LONDON (Reuters) - Leading credit rating firms see no greater risk of the euro breaking up after the bloc’s leaders on Saturday discussed proposals for a temporary Greek exit from the single currency.
During five years when the possibility of “Grexit” has never been far from investors’ minds, Standard & Poor‘s, Moody’s and Fitch all say they have taken account of redenomination risk when assessing the creditworthiness of euro zone issuers.
That means Germany’s call for Greece to take “time off” from the euro -- which some analysts argue has significantly undermined the irreversibility of the single currency -- has not materially affected their calculations.
The three rating firms said Greece remains the only country at risk of a euro exit, and that is one reason why it carries an average rating some eight notches below that of Portugal, seen as the next weakest member state.
“It’s not appropriate to read too much across from the Greek crisis to other countries,” said S&P’s chief sovereign rating officer Moritz Kraemer. “I think Greece is not only rating-wise but also in other respects in a league of its own in the euro zone.”
Even though euro zone leaders agreed a plan to extend a third bailout to Athens on Monday, S&P believes ‘Grexit’ is still more likely than not to happen over the longer term.

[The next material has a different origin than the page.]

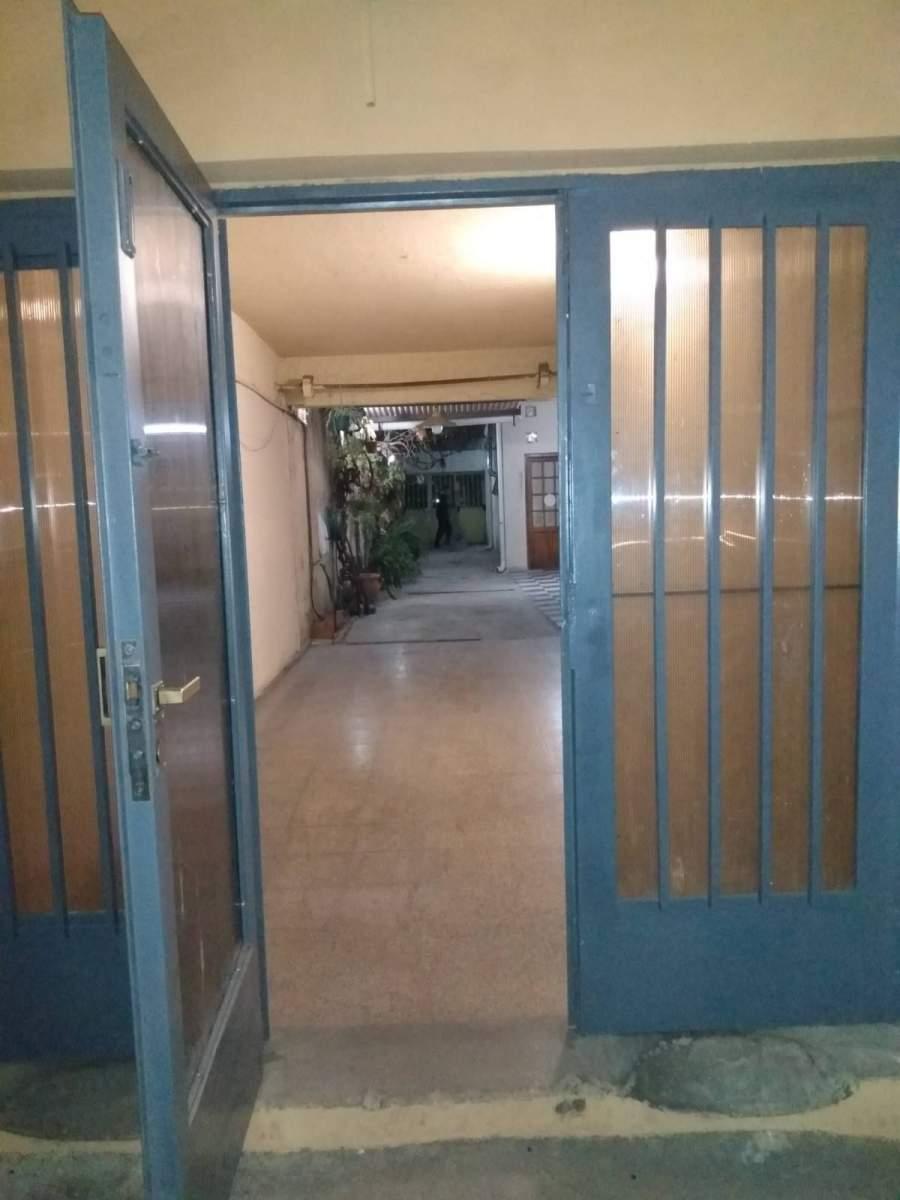 Casa de 2 Dorm. con Depto de 2 Dorm. y Dos Locales en Barrio San Martín 4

One potential consequence is that Greece would revert to a weaker currency that could, after an initial shock, stimulate economic growth that has eluded it in the euro area.
Some argue that in turn could prompt countries with high debts and low growth -- such as Portugal and Italy -- to question the advantages of euro membership.
But Douglas Renwick, head of Western Europe sovereign ratings at Fitch, sees the chance of other countries leaving as remote. “For countries other than Greece, we do not see redenomination risk as high,” he said.
Moody’s meanwhile says it needs time to weigh up the significance of this weekend’s talks.
“I think we would want to take a bit of time to see what has happened once the dust has settled,” said Colin Ellis, the firm’s chief EMEA credit officer.
“The idea of Grexit isn’t new, it’s been talked about in the markets since at least 2010. But if over time the risks around the currency union have changed, of course we would have to address that.”